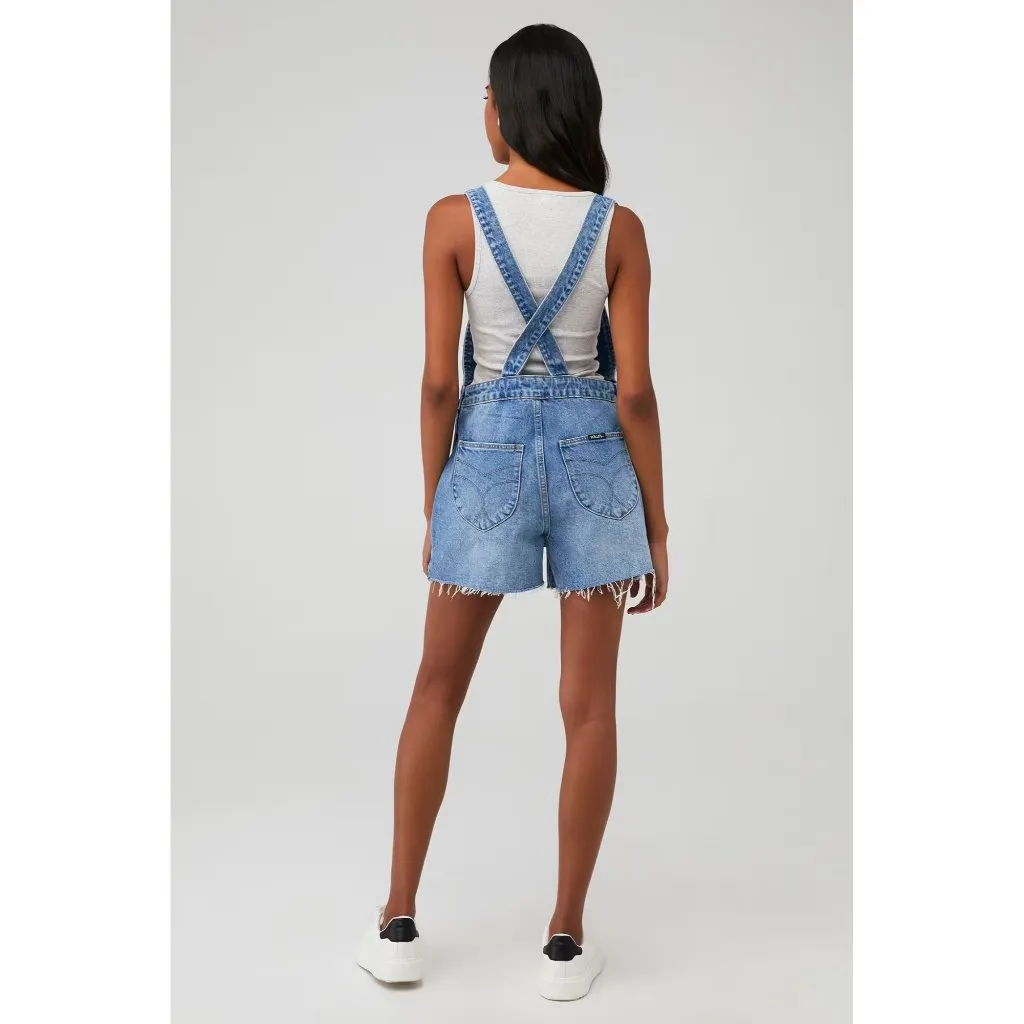 Rolla's Mirage High Waist Overall Shorts Mid Vintage Blue Womens Size 24 - Image 4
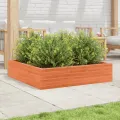 Jardinière cire marron 100x100x23 cm bois de pin massif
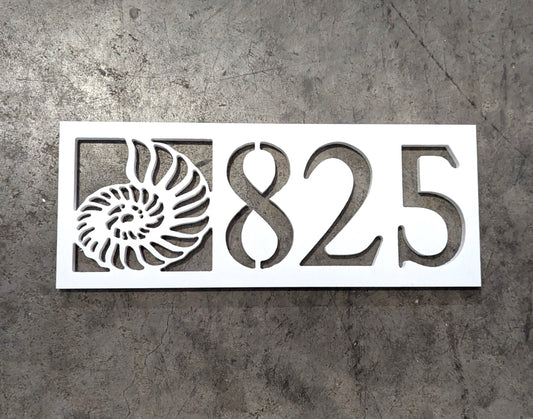 Cut thru House Numbers - Nautilus Shell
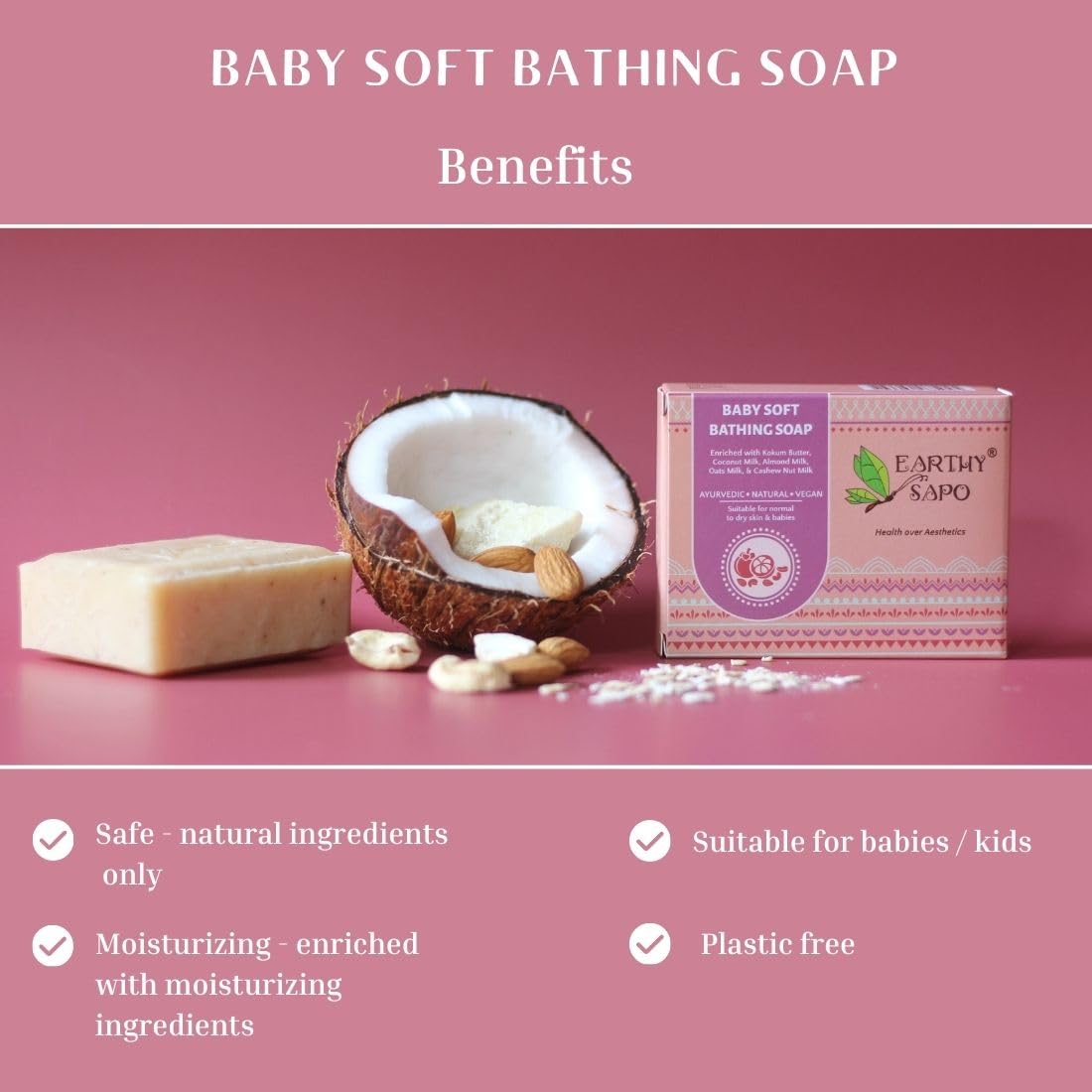 Earthy Sapo Handmade Baby Soft Bathing Soap (Coconut Milk, Almond Milk, Oat Milk, Kokum Butter) 100g, Pack of 1 | Natural, Gentle Bath Soap for Babies Sensitive Skin
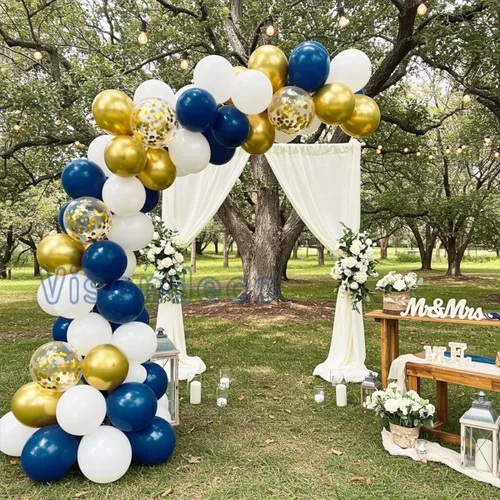 Miniatura 9 de Kit de guirnalda de globos azul marino, 102 globos azules y blancos con globos dorados y de papel de aluminio, arco de decoración de fiesta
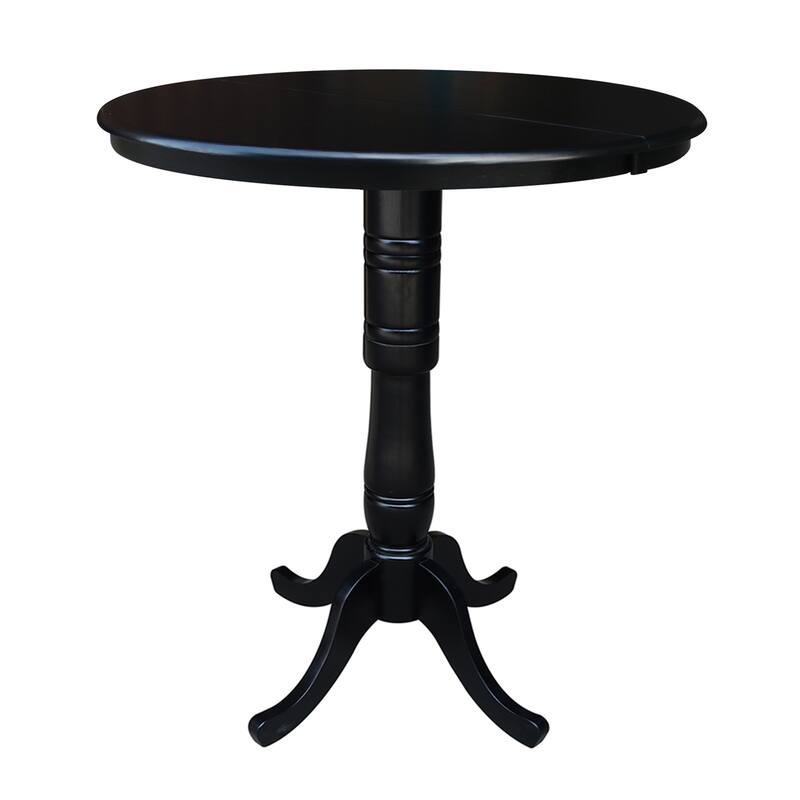 36" Round Bar Height Table with 12" Leaf and 4 X-back Stools - Black - 5 Piece set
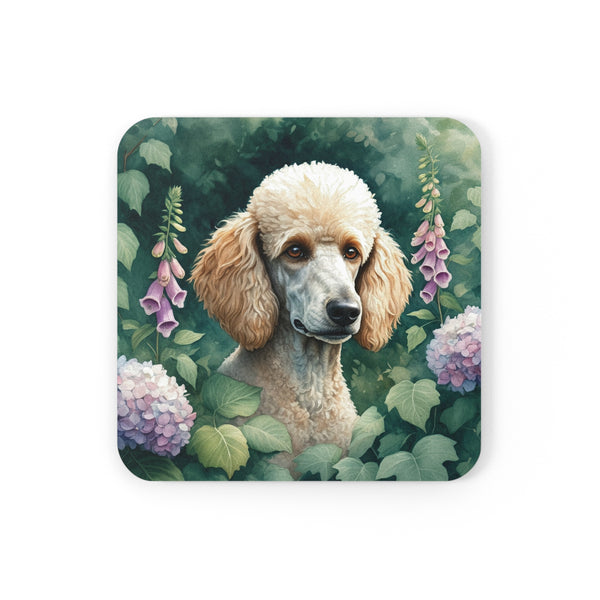 Poodle Watercolor Garden Peek Drink Coaster | Premium Dog Prints | Tritan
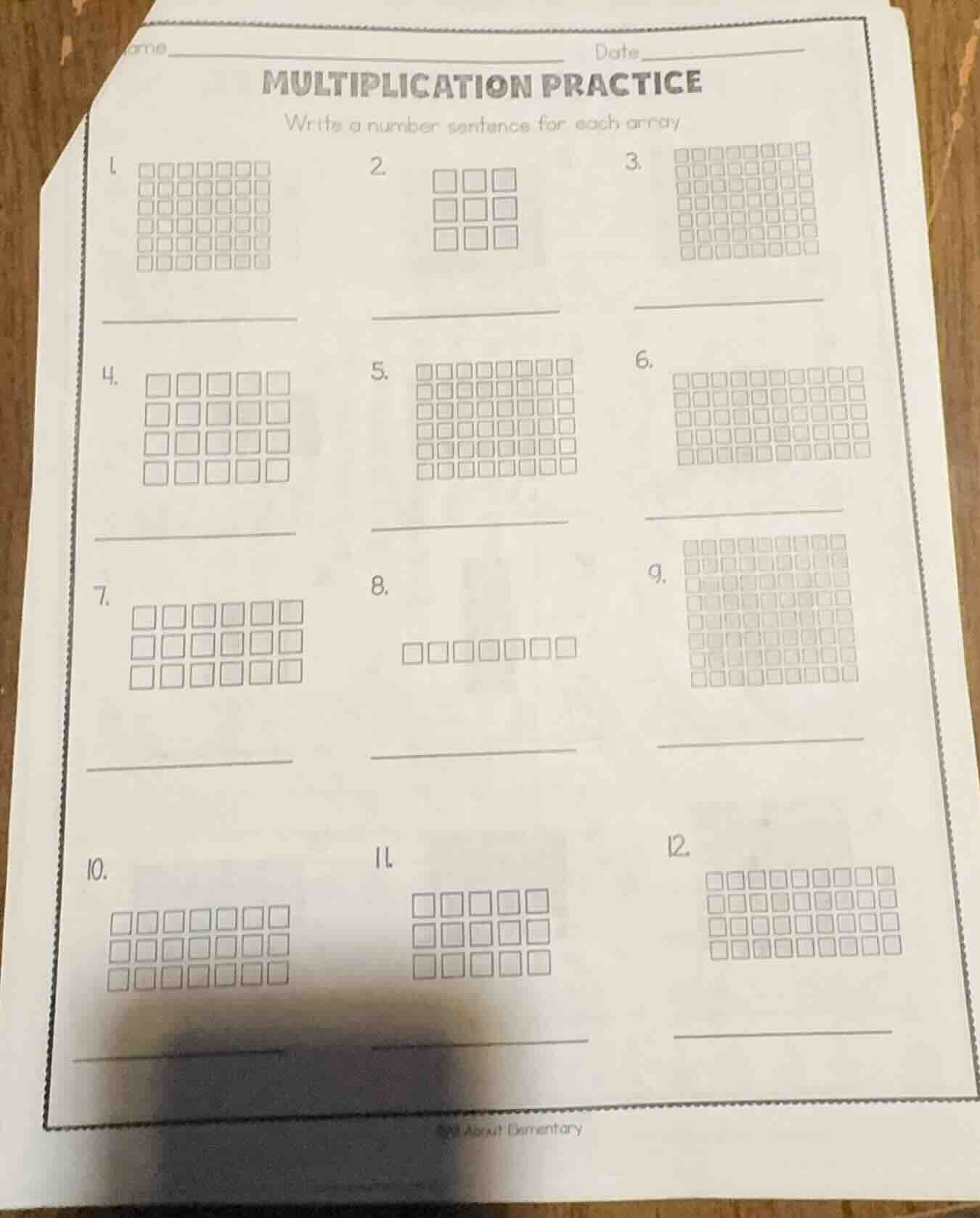 multiplication practice write a number sentence for each array 1. 2. 3.…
_ _ _
* [PROBLEM DETAILS]: Give again, word for word, only the lines from the line containing "Jardinière cire marron" through the last line above, both included; leave the pictures out.

* [RESPONSE TO THIS TASK]:
 Jardinière cire marron 100x100x23 cm bois de pin massif
 Cut thru House Numbers - Nautilus Shell
 Earthy Sapo Handmade Baby Soft Bathing Soap (Coconut Milk, Almond Milk, Oat Milk, Kokum Butter) 100g, Pack of 1 | Natural, Gentle Bath Soap for Babies Sensitive Skin
 Miniatura 9 de Kit de guirnalda de globos azul marino, 102 globos azules y blancos con globos dorados y de papel de aluminio, arco de decoración de fiesta
 36" Round Bar Height Table with 12" Leaf and 4 X-back Stools - Black - 5 Piece set
 Poodle Watercolor Garden Peek Drink Coaster | Premium Dog Prints | Tritan
 multiplication practice write a number sentence for each array 1. 2. 3.…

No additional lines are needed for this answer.